JFCC Space deputy commander visits Cal Poly
By Airman 1st Class Robert J. Volio, 30th Space Wing Public Affairs
/ Published April 07, 2016
VANDENBERG AIR FORCE BASE, Calif. -- U.S. Navy Rear Adm. Brian Brown, deputy commander, Joint Functional Component Command for Space, recently visited California Polytechnic State University, April 1.
During his visit, Brown spoke with members of Cal Poly's CubeSat program on various topics such as Cal Poly's activities with CubeSats, which are satellites made up of mutiples of 10-centimeter cube units, their thoughts on the industry and where it's headed, and the ongoing partnership between Cal Poly and Vandenberg.

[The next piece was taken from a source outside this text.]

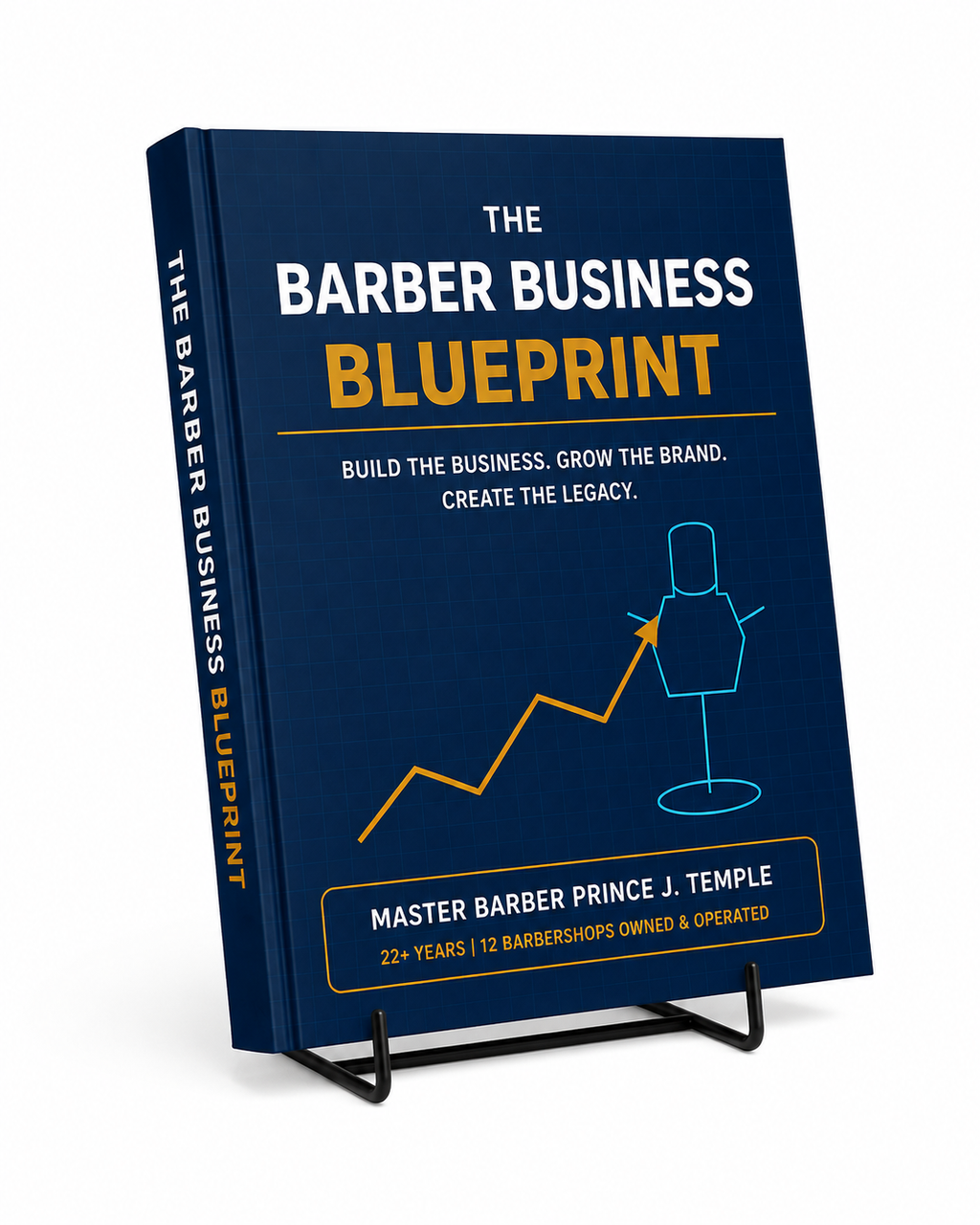 The Barber Business Blueprint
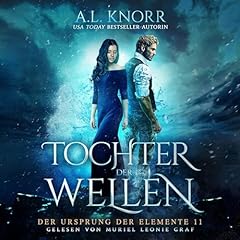 Tochter der Wellen Titelbild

"As space-based capabilities have become a common component of almost every aspect of our lives, it's imperative that we continually seek out and expand our partnerships with like-minded space fairing entities to maintain the peaceful and safe use of space," said Brown. "Our partnerships with industry and academia are particularly important because it helps us keep pace with cutting edge thinking and technological innovation. We are especially lucky at JFCC Space to have Cal Poly, a center of the CubeSat universe, so close by and look forward to continuing our mutually beneficial relationship."
The CubeSat program was founded 17 years ago and prepares students for future engineering roles by providing them opportunities to design, build, test, launch and track satellites. The platform has been a catalyst for the consistent running relationship between Cal Poly and Vandenberg.
"Our programs provide a lot of opportunities for Cal Poly and Vandenberg personnel," said Dr. Jordi Puig-Suari, Cal Poly aerospace engineer professor and CubeSat team advisor. "We've had courses at Cal Poly where members of Vandenberg come to receive training, whereas our students go work at the base when they graduate. We have some students from Vandenberg that are completing grad school with us, both military and civilian. We also have a number of former students who currently work at the base as civilians. Recently, we've tried to start working closer with the schoolhouse on base. Some of the classes have come and toured our lab. The Air Force curriculum is highly based on the weapons systems they're going to be operating which are very big. We show them what some of the other things they're going to be sharing space with are. It's been going incredibly well."
Cal Poly's role in the space game has become increasingly larger as of late, thanks to the production of CubeSats.
"When we started working on CubeSats, our relationship with Vandenberg accelerated," said Puig-Suari. "We started launching from Vandenberg. We were down there with our team, working with safety and range personnel, as well as members of the Joint Space Operations Center. We became a space player and at that point, our interface with the space people from the Department of Defense became a day-to-day operation."
The CubeSat program has provided a foundation for Vandenberg and Cal Poly to thrive as a team, a notion cemented by Brown's visit.
"I think it's wonderful that we have leadership here," said Puig-Suari. "Our relationship with Vandenberg has been and will continue to be very critical in the success of our operations. I think it's great when we have these tours and these face-to-face gatherings, they're very important and informative. We look forward to many more future endeavors with Vandenberg."